PROBLEM TO SOLVE
Your answer must contain only the lines from the one containing "74 Oakwoods Dr, South" through the end of the entries below, reproduced character for character.

[Data excerpts]
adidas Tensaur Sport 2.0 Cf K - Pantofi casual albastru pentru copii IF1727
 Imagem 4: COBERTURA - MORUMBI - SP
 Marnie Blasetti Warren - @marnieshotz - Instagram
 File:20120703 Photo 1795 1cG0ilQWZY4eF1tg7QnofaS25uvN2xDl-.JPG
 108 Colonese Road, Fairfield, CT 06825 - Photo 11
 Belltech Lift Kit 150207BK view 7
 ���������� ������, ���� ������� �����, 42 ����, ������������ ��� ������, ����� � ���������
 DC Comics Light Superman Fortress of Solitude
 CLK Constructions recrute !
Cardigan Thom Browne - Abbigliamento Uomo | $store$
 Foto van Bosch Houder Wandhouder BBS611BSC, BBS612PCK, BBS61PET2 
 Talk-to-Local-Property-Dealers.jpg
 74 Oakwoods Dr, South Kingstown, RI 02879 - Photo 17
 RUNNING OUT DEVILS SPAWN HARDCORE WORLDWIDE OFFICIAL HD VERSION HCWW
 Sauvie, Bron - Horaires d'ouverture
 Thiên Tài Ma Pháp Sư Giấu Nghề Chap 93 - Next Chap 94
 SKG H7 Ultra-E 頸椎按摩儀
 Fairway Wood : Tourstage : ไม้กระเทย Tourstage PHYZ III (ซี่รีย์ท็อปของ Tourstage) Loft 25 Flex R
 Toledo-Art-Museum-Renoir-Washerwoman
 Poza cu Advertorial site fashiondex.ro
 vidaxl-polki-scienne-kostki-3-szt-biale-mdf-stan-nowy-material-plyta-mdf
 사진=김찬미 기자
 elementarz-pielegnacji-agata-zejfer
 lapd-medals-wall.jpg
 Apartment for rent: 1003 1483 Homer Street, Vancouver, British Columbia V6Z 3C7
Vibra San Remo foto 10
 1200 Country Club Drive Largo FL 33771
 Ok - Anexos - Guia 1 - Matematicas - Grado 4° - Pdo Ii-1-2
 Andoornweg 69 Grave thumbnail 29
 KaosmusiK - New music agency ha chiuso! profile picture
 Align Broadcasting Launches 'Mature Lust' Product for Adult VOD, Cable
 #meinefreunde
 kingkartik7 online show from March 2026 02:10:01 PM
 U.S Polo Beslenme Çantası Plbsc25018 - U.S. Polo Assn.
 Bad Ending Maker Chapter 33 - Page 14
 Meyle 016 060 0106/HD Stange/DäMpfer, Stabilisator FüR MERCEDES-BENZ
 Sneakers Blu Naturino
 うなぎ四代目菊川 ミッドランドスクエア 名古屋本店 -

EXERCISE RESULT
 74 Oakwoods Dr, South Kingstown, RI 02879 - Photo 17
 RUNNING OUT DEVILS SPAWN HARDCORE WORLDWIDE OFFICIAL HD VERSION HCWW
 Sauvie, Bron - Horaires d'ouverture
 Thiên Tài Ma Pháp Sư Giấu Nghề Chap 93 - Next Chap 94
 SKG H7 Ultra-E 頸椎按摩儀
 Fairway Wood : Tourstage : ไม้กระเทย Tourstage PHYZ III (ซี่รีย์ท็อปของ Tourstage) Loft 25 Flex R
 Toledo-Art-Museum-Renoir-Washerwoman
 Poza cu Advertorial site fashiondex.ro
 vidaxl-polki-scienne-kostki-3-szt-biale-mdf-stan-nowy-material-plyta-mdf
 사진=김찬미 기자
 elementarz-pielegnacji-agata-zejfer
 lapd-medals-wall.jpg
 Apartment for rent: 1003 1483 Homer Street, Vancouver, British Columbia V6Z 3C7
Vibra San Remo foto 10
 1200 Country Club Drive Largo FL 33771
 Ok - Anexos - Guia 1 - Matematicas - Grado 4° - Pdo Ii-1-2
 Andoornweg 69 Grave thumbnail 29
 KaosmusiK - New music agency ha chiuso! profile picture
 Align Broadcasting Launches 'Mature Lust' Product for Adult VOD, Cable
 #meinefreunde
 kingkartik7 online show from March 2026 02:10:01 PM
 U.S Polo Beslenme Çantası Plbsc25018 - U.S. Polo Assn.
 Bad Ending Maker Chapter 33 - Page 14
 Meyle 016 060 0106/HD Stange/DäMpfer, Stabilisator FüR MERCEDES-BENZ
 Sneakers Blu Naturino
 うなぎ四代目菊川 ミッドランドスクエア 名古屋本店 -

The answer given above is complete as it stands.